## EXERCISE INSTRUCTIONS
Below are the entries to work from; restate word for word the portion that opens with the line containing "Blanc cœurs arc-en-ciel" and closes with the line containing "Carlisle 369418S00 Medium", keeping both.

## RECORD EXTRACTS
◆ ◆ ◆ ◆ ◆ ◆ ◆
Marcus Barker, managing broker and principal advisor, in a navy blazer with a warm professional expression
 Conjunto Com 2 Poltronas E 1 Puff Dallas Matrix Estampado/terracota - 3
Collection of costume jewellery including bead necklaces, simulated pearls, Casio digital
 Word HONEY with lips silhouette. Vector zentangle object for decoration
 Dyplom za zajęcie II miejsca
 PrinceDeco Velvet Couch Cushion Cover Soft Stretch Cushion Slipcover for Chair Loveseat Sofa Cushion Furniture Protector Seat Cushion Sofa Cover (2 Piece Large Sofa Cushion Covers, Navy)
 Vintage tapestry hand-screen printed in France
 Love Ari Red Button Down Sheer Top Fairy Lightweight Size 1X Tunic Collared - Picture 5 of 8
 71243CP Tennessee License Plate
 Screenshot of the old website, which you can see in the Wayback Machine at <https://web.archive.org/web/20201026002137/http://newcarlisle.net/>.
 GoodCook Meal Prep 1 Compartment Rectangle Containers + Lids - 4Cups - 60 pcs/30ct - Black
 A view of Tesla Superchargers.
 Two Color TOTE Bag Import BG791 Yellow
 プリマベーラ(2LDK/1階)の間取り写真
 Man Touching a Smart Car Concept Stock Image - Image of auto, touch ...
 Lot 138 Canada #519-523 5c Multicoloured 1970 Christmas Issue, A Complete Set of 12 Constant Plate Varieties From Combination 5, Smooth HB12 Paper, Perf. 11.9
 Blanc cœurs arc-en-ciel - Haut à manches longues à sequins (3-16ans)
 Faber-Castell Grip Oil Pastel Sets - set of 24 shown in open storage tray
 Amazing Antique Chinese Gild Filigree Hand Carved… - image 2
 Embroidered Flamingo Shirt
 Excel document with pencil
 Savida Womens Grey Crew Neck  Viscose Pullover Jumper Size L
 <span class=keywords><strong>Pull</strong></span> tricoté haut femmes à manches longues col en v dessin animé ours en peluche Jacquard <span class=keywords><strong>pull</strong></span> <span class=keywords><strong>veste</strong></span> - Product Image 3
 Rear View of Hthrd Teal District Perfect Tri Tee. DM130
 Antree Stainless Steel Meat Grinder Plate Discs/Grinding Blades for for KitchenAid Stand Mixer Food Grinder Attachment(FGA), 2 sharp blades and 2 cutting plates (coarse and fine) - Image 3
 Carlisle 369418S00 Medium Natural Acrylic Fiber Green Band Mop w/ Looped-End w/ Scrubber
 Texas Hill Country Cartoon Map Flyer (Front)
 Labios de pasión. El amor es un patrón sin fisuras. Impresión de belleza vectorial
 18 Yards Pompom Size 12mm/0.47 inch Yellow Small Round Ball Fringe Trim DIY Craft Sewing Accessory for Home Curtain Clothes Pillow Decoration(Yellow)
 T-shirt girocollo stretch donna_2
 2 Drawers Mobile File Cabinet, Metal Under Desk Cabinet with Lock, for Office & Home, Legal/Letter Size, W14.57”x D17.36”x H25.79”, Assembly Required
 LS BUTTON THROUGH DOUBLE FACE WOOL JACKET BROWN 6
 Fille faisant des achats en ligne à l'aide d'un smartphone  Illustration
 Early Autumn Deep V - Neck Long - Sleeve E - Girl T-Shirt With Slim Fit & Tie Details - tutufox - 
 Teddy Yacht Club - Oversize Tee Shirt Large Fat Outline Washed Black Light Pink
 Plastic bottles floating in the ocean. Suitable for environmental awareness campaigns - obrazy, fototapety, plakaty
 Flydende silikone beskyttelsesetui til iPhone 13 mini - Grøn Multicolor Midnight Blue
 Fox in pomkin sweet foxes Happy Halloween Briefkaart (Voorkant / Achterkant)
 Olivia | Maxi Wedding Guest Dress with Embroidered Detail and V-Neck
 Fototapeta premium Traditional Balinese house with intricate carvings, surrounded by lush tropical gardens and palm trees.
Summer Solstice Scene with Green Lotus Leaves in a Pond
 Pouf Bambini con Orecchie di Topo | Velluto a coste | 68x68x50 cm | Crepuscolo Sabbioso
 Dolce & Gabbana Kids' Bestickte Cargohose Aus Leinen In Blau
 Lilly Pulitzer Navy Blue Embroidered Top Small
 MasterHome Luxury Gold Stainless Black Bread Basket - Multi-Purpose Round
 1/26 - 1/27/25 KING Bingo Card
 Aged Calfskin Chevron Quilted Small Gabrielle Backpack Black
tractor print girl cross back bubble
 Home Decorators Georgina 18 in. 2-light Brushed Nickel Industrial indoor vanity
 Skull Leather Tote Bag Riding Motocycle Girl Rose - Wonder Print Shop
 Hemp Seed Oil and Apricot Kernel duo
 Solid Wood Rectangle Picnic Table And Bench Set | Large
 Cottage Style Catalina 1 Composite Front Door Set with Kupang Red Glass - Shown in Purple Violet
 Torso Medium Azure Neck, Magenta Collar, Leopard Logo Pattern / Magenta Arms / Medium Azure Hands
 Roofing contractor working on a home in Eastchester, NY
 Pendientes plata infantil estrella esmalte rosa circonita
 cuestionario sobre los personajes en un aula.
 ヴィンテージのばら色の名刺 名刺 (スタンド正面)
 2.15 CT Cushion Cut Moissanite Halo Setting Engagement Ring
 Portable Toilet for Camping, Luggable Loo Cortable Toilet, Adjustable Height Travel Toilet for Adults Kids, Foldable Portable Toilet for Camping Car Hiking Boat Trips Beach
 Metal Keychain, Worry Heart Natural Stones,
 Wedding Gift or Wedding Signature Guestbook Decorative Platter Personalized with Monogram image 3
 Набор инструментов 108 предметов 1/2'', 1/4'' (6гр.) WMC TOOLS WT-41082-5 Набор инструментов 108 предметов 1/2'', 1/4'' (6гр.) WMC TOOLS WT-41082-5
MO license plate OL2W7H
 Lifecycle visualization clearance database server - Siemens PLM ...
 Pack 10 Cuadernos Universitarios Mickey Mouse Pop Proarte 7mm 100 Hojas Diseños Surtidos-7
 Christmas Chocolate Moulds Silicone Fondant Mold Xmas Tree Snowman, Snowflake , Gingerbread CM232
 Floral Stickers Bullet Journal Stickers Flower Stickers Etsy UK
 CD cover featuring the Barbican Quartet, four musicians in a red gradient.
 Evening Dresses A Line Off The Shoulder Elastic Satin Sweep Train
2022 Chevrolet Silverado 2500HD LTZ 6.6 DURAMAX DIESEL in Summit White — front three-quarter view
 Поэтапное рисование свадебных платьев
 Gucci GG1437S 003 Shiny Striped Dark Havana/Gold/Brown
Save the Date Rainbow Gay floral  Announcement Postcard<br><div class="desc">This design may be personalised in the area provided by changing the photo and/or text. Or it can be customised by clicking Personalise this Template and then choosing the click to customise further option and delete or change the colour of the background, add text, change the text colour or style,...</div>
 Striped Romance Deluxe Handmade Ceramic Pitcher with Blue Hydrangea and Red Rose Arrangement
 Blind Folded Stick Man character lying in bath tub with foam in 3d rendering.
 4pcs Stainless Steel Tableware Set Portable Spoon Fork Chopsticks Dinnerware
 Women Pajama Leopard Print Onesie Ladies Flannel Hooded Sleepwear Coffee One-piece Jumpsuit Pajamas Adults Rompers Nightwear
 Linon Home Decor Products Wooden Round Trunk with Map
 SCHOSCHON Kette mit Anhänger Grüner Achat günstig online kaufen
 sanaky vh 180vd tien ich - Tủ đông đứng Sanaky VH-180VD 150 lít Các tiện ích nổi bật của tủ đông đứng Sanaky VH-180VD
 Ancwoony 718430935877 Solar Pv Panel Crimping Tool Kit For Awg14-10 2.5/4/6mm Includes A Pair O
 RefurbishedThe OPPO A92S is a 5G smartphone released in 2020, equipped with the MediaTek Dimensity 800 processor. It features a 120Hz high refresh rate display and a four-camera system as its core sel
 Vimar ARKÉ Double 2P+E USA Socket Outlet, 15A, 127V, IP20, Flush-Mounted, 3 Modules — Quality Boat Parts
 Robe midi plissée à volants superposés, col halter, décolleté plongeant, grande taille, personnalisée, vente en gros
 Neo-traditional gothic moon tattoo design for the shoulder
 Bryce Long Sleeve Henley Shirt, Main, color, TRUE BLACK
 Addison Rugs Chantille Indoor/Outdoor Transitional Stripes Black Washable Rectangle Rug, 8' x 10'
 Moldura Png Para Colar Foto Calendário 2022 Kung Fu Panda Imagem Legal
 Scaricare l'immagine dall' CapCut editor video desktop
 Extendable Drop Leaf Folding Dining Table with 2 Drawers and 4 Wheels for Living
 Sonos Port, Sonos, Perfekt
◆ ◆ ◆ ◆ ◆ ◆ ◆
## EXPECTED ANSWER
 Blanc cœurs arc-en-ciel - Haut à manches longues à sequins (3-16ans)
 Faber-Castell Grip Oil Pastel Sets - set of 24 shown in open storage tray
 Amazing Antique Chinese Gild Filigree Hand Carved… - image 2
 Embroidered Flamingo Shirt
 Excel document with pencil
 Savida Womens Grey Crew Neck  Viscose Pullover Jumper Size L
 <span class=keywords><strong>Pull</strong></span> tricoté haut femmes à manches longues col en v dessin animé ours en peluche Jacquard <span class=keywords><strong>pull</strong></span> <span class=keywords><strong>veste</strong></span> - Product Image 3
 Rear View of Hthrd Teal District Perfect Tri Tee. DM130
 Antree Stainless Steel Meat Grinder Plate Discs/Grinding Blades for for KitchenAid Stand Mixer Food Grinder Attachment(FGA), 2 sharp blades and 2 cutting plates (coarse and fine) - Image 3
 Carlisle 369418S00 Medium Natural Acrylic Fiber Green Band Mop w/ Looped-End w/ Scrubber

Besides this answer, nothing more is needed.